第ニ章 リリヤ
セナ・シンシアティ家の次女リリヤ、年齢は10才。彼女は、不思議で特別な女の子だった。
臣下の家に生まれながら、父のセナが国の英雄だったことと、姉のミリヤが後の王妃と言うことで、お姫様扱いされてきた。
母マリカが堅実だったため、高慢なお姫様にはならなかったが、凛とした美しい少女に育った。
リリヤにとってタクは、物心つかぬ前から側にいてくれた、大切な人だ。父のようであり、兄のようでもある。
リリヤが7才の時、姉のミリヤが王家に嫁いだ。家の中の太陽のような存在だった姉の不在は、リリヤを落ち込ませた。
タクはその時、リリヤを力づけた。自分がいつも側にいるので、元気を出してくださいと。
「じゃ、タクはリリヤと結婚するの?」
姉さんと王子さまは、結婚したから一緒にいると教わったばかり。リリヤのことばに、タクはちょっと苦笑する。しかし、小さな手をうやうやしく取った。
「そうじゃありませんが、タクはリリヤ様のナイトにはなれます。」
タクは、真剣だった。本気で、この少女を守りたいと思った。
「お約束します、リリヤ様。私は、あなたのナイトです。必ずそばにいて、あなたを守ります。」
この後、リリヤは元気を取り戻す。
その約束は、破られてはいない。しかしタクは、少女としばしの別離を余儀なくされた。
主人の命令を受けて、北へ旅立つのだ。いつ帰れるのか、誰にも見当もつかない旅だ。
出発の前日、激励の食事会が開かれた。明日からは、温かい食事を落ち着いて食べれないかも知れないと、母のキナが腕をふるった。コダと、弟子のルルも招かれた。
「お久しぶり、タクくん。背、伸びたねー。」
ルルは、タクより一つ年上の19才。タクがコダの所に一時期通っていたので、親しい間柄だ。
「ルルさん、俺もう18才ですから、ガキ扱いしないでください。」
たった1才上なだけで、タクは完全弟キャラにされた。ルル相手のタクは、いつもと違った。
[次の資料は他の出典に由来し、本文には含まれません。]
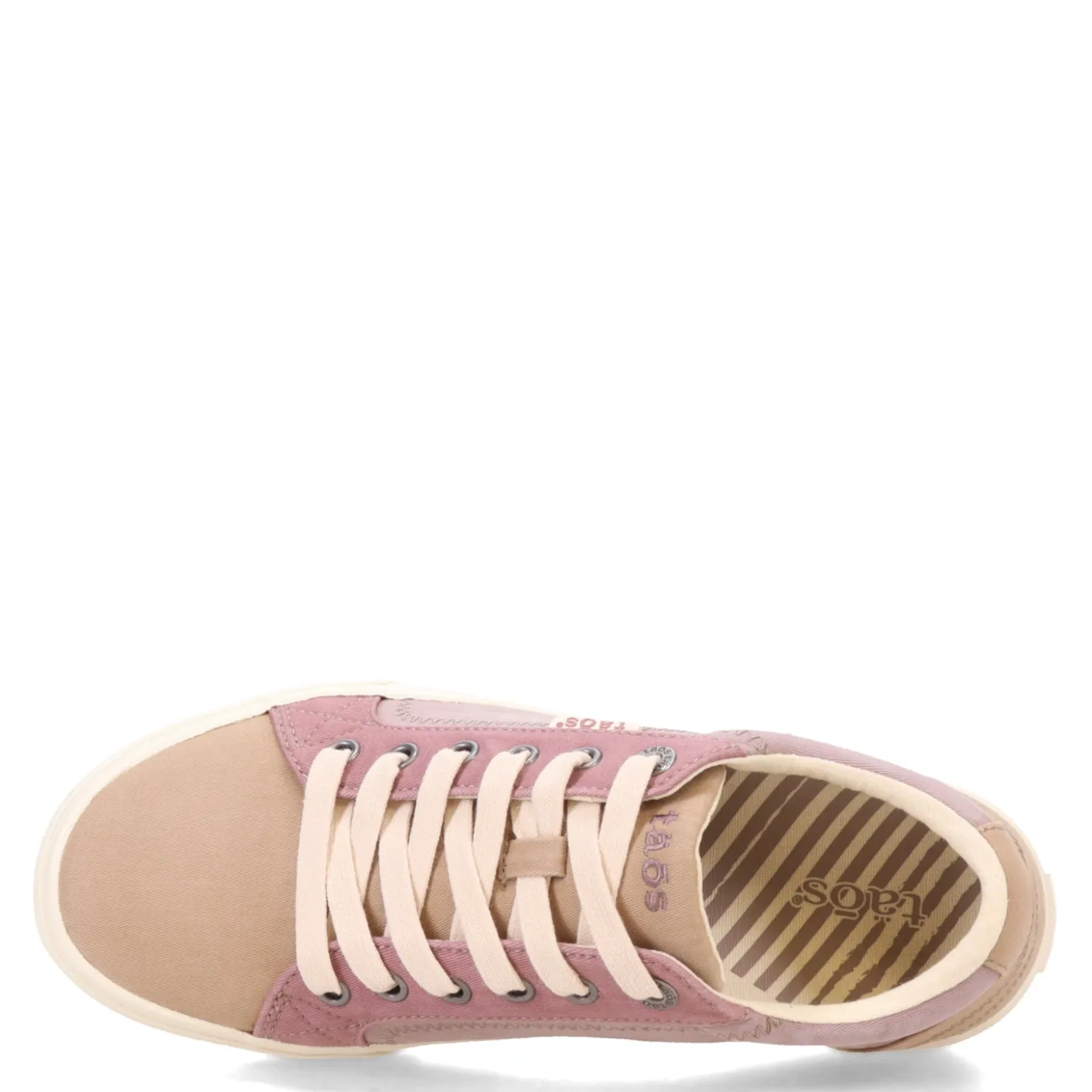 Fashion & Street*Taos Women's , Plim Soul Sneaker Tan/Dusty Rose Mulit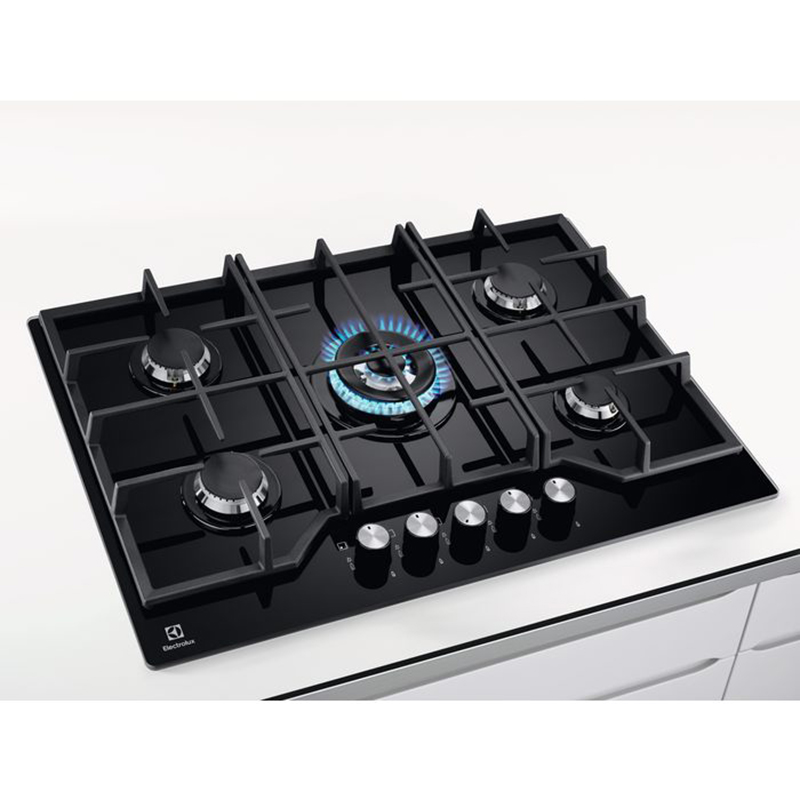 Варильна поверхня газова KGG75362K 75см чорний Electrolux
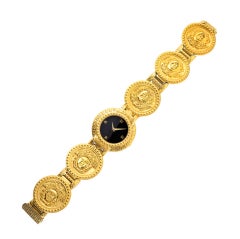 Vintage GIANNI VERSACE GOLD MEDUSA WATCH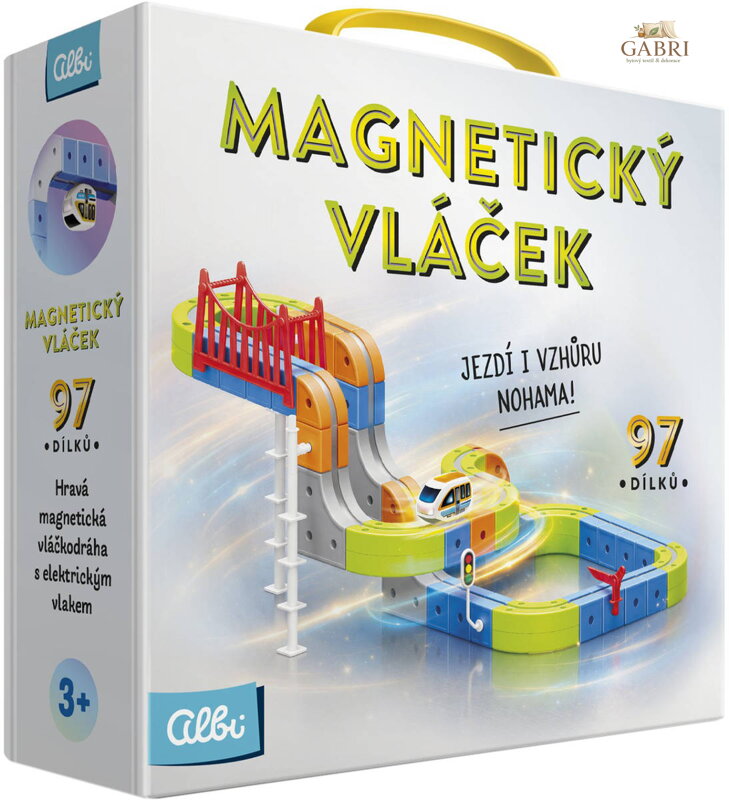 ALBI Vláček elektrický magnetická stavebnice 97 dílků vláčkodráha USB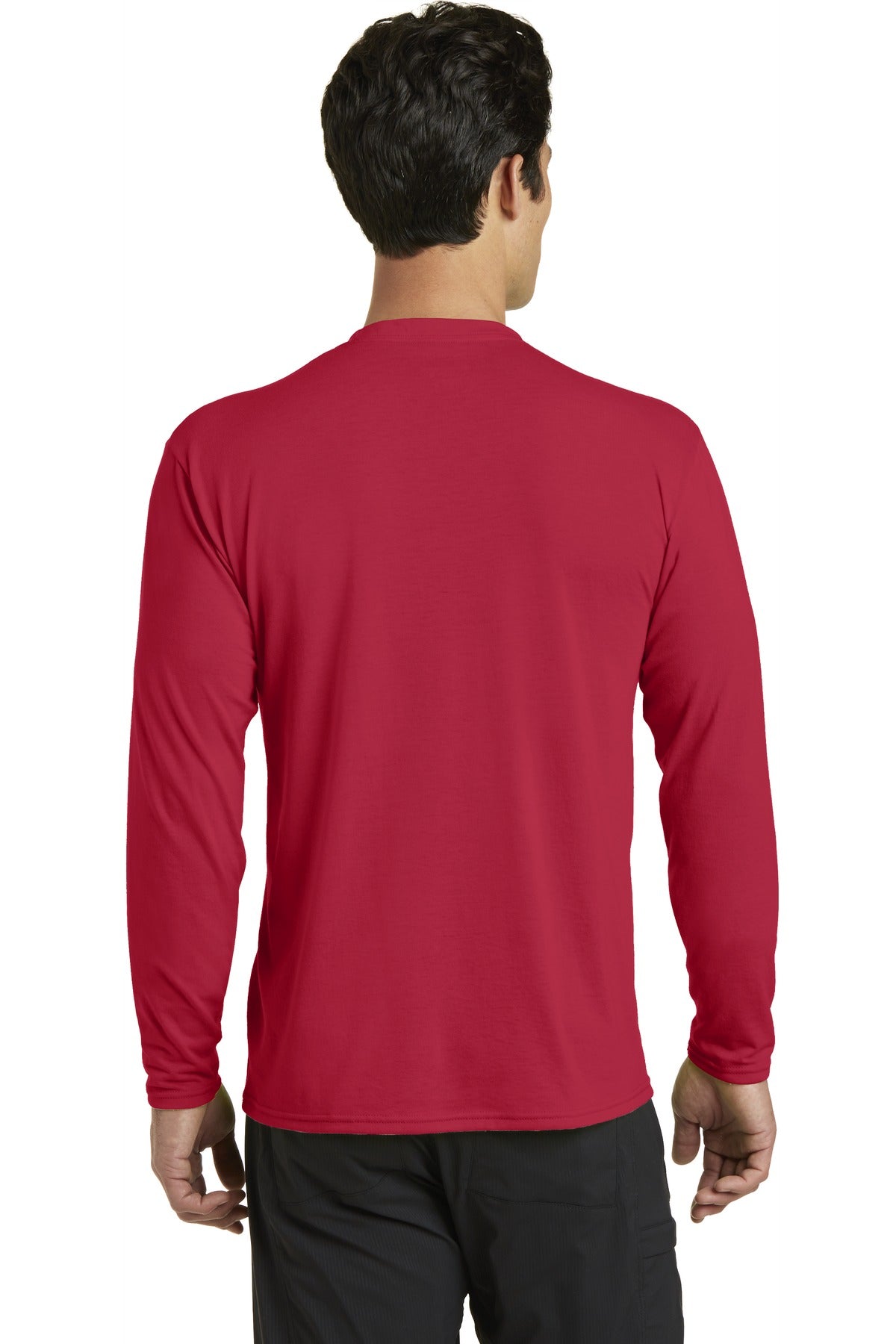 Red Port & Company Long Sleeve Performance Blend Tee. PC381LS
せっかくだから、明日からの作戦会議をしようと、ルルが言う。自然と、2人での会話になっていた。
「………。」
リリヤの心は、ざわざわして来た。まだ子どもの自分と、大人でタクと一緒に仕事ができる、ルルにずいぶん差を感じた。
(なんか、やだな………。)
ルルではなく、こんな大事な日につまらないことで心をざわつかす、自分が嫌だった。
コダは、無口になってしまったリリヤに気づいた。
師匠に仕え、弟子を育て、独身のまま結構いい年になってしまったコダは、元々結婚願望が薄かったので、特に気にせず楽しくやっている。だけど、人の悩みなどには敏感で、マリカもいつもアドバイスをもらって来た。
「リリヤちゃんは、タクさんが好きなんですね。」
コダのストレートな問いかけに、リリヤはちょっと考えてしまう。
「好きって、言っていいんですか?」
コダは、少し目を細める。
「リリヤちゃんはまだ10才なのに、相手の立場を考えれて、偉いですね。でも、大丈夫ですよ。確かに身分は違います。しかし生まれながらの身分が、その人の価値を決めません。」
コダの話は、リリヤには少し難しかったが、言わんとすることは分かった。
「じゃあ………、私は、タクが好きなんだと思います。」
少女の純真な恋心に、コダは感心する。応援してあげたいと思った。
「素敵です。………でも、これから旅立つ彼に、それは言わないでおきましょう。少し、心に秘めておいてください。そして、彼の無事を祈りましょう。」
リリヤは、自分の気持ちを表現できて、ちょっとスッキリしたので、にっこりして、はいと返事できた。